Regresso às aulas

Em épocas próprias, o pastor Mário Nogueira desce à cidade, à cabeça de um obediente rebanho, para reclamar mais dinheiro e menos trabalho

Implacável, o calendário dita o fim das férias e o início de um novo ano escolar. Outros calendários dizem-nos que vamos ter nas ruas as tropas do Dr. Mário Nogueira com as habituais palavras de ordem em nome da ‘defesa dos direitos dos professores’. Sobre os direitos dos alunos, nem uma palavra…

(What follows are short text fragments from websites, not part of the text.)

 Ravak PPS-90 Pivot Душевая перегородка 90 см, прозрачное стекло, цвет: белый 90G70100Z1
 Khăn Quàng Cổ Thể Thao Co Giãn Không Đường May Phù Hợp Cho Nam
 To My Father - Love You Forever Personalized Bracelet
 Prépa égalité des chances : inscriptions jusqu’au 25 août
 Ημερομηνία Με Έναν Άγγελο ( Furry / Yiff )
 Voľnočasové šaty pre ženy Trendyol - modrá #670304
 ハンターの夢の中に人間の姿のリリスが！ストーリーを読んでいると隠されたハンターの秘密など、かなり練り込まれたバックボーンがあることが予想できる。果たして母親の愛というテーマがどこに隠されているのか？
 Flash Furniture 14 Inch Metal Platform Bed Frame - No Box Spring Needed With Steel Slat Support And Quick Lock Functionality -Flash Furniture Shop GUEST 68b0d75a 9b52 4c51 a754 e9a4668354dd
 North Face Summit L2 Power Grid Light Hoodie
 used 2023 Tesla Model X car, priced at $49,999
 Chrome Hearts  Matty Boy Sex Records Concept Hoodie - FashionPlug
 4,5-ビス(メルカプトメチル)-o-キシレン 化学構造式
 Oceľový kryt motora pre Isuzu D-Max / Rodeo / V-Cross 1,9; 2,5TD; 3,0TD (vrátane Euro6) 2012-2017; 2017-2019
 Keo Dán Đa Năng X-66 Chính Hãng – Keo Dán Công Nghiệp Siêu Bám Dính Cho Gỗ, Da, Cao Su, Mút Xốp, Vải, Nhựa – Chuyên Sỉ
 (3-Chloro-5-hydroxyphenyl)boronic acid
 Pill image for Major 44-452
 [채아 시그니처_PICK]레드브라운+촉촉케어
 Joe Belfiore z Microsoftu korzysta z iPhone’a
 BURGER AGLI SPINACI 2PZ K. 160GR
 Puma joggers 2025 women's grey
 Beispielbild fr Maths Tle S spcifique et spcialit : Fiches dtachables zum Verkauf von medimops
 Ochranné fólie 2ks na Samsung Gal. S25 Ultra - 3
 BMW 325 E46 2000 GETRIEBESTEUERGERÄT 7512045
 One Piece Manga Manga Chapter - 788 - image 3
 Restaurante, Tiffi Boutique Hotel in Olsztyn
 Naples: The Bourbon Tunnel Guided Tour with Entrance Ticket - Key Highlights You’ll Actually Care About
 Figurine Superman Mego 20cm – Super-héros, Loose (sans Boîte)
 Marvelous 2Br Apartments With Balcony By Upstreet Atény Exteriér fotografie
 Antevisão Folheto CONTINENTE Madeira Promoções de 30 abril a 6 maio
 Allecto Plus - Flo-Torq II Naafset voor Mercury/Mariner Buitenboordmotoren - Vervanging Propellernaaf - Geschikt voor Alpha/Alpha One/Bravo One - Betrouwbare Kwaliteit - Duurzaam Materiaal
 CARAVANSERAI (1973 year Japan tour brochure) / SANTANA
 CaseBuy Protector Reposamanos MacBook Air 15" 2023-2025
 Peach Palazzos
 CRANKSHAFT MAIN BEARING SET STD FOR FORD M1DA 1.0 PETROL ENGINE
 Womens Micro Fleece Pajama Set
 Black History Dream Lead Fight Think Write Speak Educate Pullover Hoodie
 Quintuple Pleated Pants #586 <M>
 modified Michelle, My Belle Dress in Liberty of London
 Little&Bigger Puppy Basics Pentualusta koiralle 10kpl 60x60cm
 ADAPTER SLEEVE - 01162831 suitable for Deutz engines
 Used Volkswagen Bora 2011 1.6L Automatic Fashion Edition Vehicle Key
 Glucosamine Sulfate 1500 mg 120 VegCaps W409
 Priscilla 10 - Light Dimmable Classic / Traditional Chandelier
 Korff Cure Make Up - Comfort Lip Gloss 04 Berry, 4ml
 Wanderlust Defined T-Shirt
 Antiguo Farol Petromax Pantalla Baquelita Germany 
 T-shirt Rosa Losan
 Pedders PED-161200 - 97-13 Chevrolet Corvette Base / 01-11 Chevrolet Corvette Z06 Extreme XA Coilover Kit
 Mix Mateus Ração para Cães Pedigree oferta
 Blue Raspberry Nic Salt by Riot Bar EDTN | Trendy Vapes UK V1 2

Quando a reputação da classe ainda não tinha descido aos infernos, era possível distinguir quatro categorias de professores. No topo, estavam os que tinham abraçado o ensino por vocação: modelares nas salas de aula, continuavam a ser mestres nos sítios onde os encontrávamos, das livrarias aos cinemas, dos cafés aos estádios de futebol; eram a maioria e, felizmente, a espécie não está extinta. Logo a seguir, vinham os professores-funcionários: cumpriam nas salas mas ‘desligavam’ no momento em que transpunham a porta da escola. Na terceira categoria, avultavam os que notoriamente se esforçavam, mas ainda não tinham adquirido as competências dos mestres – embora se adivinhasse que, com trabalho, lá chegariam. Só a quarta categoria, residual, era criticada: albergava os mercenários que não sabiam nem queriam saber – só lhes interessava o que recebiam no fim do mês.

Quando chegaram os tempos do nivelamento democrático, prevaleceu o sagrado princípio ‘a trabalho igual, salário igual’ e o edifício ruiu: os ‘missionários’ foram hostilizados, os ‘funcionários’ marginalizados, e os que queriam aprender deixaram de ter incentivo para o fazer.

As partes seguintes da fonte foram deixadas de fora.